Mana Pools is one of Zimbabwe's "Big Five" Parks and it is easy to see why it falls into this profile. The name "Mana" is a local Shona language name meaning "four". This applies to the four large pools inland from the Zambezi River. These pools are the remnant ox-bow lakes that the Zambezi River carved out thousands of years ago as it changed its course northwards. Hippopotamus, crocodiles and a wide variety of aquatic birds are associated with the pools. "Long Pool" is the largest of the four pools, extending some six kilometres in a west-east direction.

This pool has heavy densities of hippo and crocodiles and is a favourite for the large herds of elephant that come out of the thickly vegetated areas in the south to drink. As one moves northwards towards the Zambezi River from the dry forests on the Karoo sediments, the vegetation changes to open Faidherbia albida woodlands on the old river terraces. This vegetation gives a "park-like" look to the area and a surreal light filters through the trees giving Mana Pools its distinctive cathedral - like atmosphere as one walks under the tree canopy.
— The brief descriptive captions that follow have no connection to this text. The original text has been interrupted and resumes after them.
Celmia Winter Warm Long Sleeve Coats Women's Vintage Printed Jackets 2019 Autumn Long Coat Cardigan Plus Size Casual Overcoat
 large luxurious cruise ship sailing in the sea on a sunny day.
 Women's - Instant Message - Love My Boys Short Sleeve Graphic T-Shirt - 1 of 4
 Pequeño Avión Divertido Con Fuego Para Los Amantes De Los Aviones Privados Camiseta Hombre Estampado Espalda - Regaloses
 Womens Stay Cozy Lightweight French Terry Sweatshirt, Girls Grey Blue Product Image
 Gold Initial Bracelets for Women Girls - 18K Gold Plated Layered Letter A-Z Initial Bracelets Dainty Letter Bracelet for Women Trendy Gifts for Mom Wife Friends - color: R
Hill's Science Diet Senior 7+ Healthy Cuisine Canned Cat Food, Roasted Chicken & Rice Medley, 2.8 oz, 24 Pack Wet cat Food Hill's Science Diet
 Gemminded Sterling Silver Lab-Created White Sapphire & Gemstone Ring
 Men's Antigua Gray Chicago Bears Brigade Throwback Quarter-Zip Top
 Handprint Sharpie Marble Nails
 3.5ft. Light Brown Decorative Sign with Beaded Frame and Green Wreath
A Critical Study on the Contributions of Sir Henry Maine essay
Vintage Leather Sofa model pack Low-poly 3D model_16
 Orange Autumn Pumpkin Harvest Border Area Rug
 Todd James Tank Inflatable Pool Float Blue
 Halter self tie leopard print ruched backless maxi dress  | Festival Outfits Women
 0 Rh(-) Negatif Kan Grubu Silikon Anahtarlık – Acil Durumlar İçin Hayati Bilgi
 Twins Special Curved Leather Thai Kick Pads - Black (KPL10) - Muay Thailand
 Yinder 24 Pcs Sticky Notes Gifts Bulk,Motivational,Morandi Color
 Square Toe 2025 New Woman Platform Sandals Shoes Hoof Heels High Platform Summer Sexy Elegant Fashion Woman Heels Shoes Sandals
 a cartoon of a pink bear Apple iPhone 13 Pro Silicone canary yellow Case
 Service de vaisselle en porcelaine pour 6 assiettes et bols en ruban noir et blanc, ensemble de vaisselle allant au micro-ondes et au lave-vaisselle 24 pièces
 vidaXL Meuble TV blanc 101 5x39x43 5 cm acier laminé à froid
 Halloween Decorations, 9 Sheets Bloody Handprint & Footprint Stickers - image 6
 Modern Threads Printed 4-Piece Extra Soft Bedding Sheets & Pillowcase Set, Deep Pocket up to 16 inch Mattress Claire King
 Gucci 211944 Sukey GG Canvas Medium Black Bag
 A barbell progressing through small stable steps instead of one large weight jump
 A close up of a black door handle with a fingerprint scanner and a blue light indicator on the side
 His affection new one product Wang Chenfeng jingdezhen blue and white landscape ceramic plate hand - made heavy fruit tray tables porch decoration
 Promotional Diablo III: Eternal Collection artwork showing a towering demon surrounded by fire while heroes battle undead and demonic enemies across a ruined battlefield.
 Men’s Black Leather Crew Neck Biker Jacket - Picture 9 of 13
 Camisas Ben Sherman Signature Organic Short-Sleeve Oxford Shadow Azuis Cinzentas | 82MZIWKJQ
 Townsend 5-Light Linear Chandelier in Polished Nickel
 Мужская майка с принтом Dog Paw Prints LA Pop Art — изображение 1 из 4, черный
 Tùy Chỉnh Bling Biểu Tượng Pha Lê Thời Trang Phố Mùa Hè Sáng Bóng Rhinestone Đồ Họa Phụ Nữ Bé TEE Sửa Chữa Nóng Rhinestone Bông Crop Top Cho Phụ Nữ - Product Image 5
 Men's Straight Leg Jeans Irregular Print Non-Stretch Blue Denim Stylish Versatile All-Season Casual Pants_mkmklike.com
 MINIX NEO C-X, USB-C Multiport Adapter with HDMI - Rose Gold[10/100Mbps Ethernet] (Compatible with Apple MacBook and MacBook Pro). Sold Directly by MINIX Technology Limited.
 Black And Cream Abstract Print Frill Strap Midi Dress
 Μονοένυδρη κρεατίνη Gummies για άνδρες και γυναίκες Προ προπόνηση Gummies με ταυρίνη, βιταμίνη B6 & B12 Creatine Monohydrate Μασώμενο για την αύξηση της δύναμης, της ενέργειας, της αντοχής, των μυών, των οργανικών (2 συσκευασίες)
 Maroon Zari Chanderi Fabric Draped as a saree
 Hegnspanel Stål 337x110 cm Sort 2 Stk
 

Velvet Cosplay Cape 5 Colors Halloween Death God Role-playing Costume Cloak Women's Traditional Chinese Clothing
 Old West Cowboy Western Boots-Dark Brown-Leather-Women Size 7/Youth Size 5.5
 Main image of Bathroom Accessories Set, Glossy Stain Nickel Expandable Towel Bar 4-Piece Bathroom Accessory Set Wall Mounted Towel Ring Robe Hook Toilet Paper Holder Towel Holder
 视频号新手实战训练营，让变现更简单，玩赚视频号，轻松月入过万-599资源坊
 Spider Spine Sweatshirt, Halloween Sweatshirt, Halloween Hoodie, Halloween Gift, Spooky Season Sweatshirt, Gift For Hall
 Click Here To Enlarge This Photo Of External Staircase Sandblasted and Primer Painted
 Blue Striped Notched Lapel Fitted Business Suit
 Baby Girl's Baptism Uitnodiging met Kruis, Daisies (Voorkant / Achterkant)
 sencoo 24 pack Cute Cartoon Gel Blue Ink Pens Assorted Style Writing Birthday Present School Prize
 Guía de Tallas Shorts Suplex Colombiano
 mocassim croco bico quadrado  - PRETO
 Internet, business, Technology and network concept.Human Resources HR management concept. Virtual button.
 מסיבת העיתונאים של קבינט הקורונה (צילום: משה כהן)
On the old river terraces in the park, guests can walk unaccompanied by guides in the open Albida woodland because visibility is good and there is little danger of coming across dangerous animais. This privilege of walking alone in an area with dangerous wildlife is unique in Zimbabwe, Elephant, eland, buffalo, impala, waterbuck, baboons, monkeys, zebra, warthog and hippo are some of the larger herbivores to be seen regularly on the river terraces as they come out to eat the fallen Albida fruit. Lions, leopards, spotted hyena and cheetah are present in the area, but their secretive nature makes them more difficult to see.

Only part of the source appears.